Is the set $S=\{(x,y)\in\Bbb R^2\mid e^{x^2+y^2}=2+x^2+y^2\}$ bounded?
My thoughts:
Let's consider the function $g:\Bbb R\to\Bbb R, g(x)=e^x-x-2.$ Checking its derivative, we see $g$ is strictly increasing on $[0,+\infty)$. Furthermore, $g(0)=-1$ and $\lim\limits_{x\to+\infty}g(x)=+\infty,$ which means $g$ changes signs and has a unique root, call it $r_0$ in $[0,+\infty).$ My conclusion is that $S$ is a circle with a radius $r_0$ centered at the origin, hence bounded.
I'm sceptical about my deduction and answer. Is there any room for improvement?
What you did are all correct. But if all you want is the boundedness, then $\lim_{x\rightarrow\infty} g(x)=+\infty$ is all you need. Indeed, this implies that there exists $r>0$, such that for all $x>r$, $g(x)>0$. Hence any point $(x,y)$ on $S$ must satisfy $x^2+y^2\le r$, thus $S$ is bounded.

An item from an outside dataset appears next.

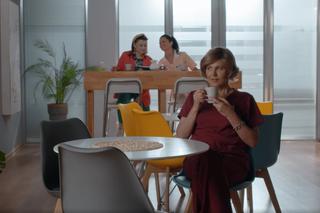 Na dobre i na złe odc. 860. Lucyna Sikorka (Anna Samusionek), Halinka (Joanna Jarmołowicz), pielęganiarka (Jaonna Pach-Żbikowska)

This is helpful for more complicated problems. For example, let $S=\{(x,y)\in\mathbb R^2 : e^{x^2+y^2} = 2 + x^2 + 10000y\}$ which is not any familiar curve. We still consider $g$, and use the fact that when both $y$ and $x^2+y^2$ are sufficiently large, $e^{x^2+y^2}>2+x^2+y^2>2+x^2+10000y$. Hence for $(x,y)$ on $S$, $x^2+y^2$ (and $y$) has to be small.
It's often beneficial to think roughly than precisely in analysis.

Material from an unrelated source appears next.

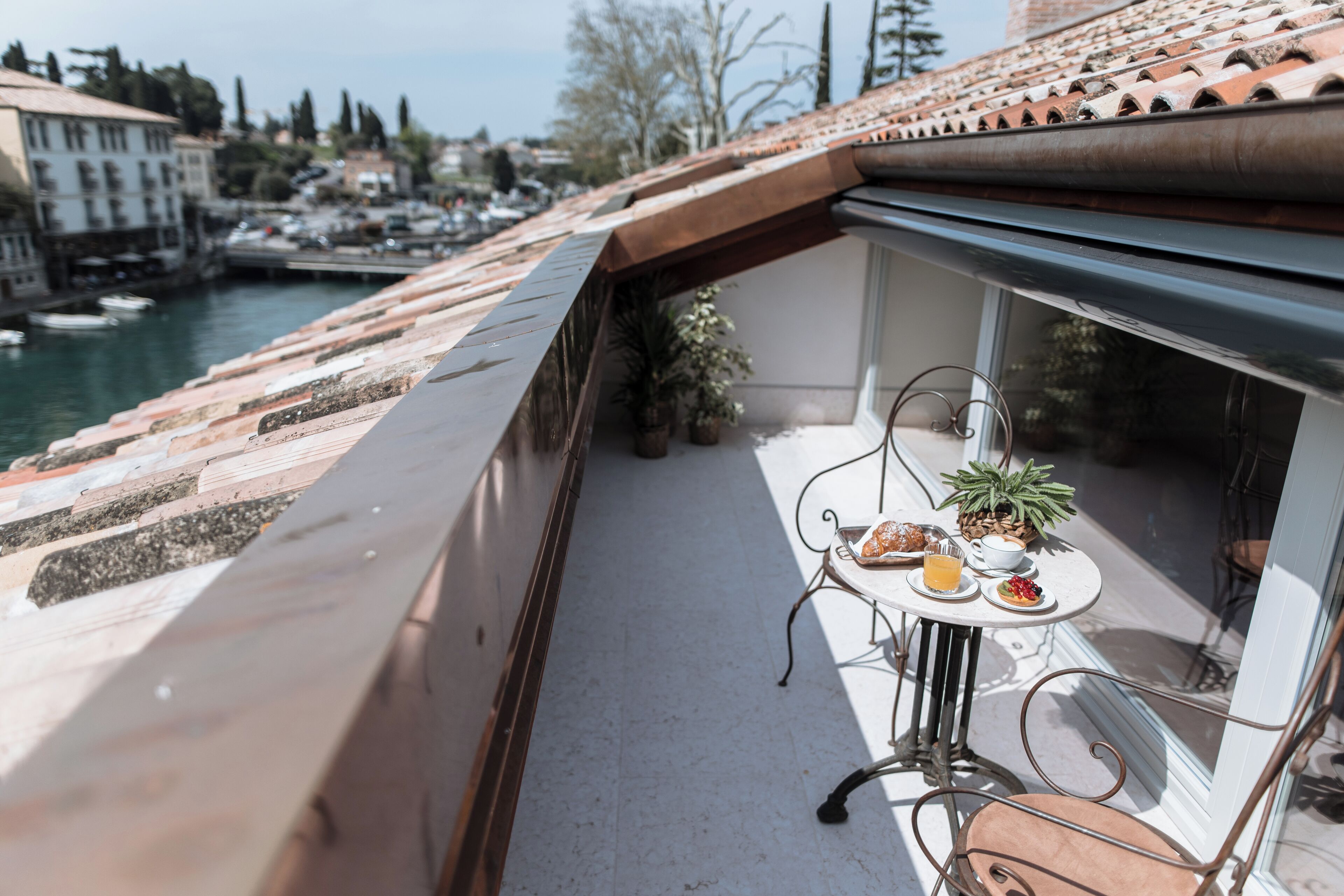 Executive Suite, Balcony, Canal View | Terrace/patio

Looks good other than the crime of not converting $x^2 + y^2$ to polar coordinates. Substituting $x^2 + y^2$ for x isn't something I'd do.
Let $x=r\cos(\theta), y=r\sin(\theta)$
$\implies x^2 + y^2 = r^2\cos^2(\theta) + r^2\sin^2(\theta) = r^2(\cos^2(\theta) + \sin^2(\theta))=r^2$.
Then $S=\{(x,y)\in\Bbb R^2\mid e^{x^2+y^2}=2+x^2+y^2\}$
$=\{(r, \theta) \in\Bbb R^2 \mid e^{r^2}=2+r^2\}$.
Let $g(r)=e^{r^2}-2-r^2$
$\implies g'( r) = e^{r^2}\cdot 2r - 2r = 2r(e^{r^2} -1)$.
Since $\forall r\ge 0, g'(r)\ge0$
$\implies S$ is bounded.
But I'm open to others' opinions.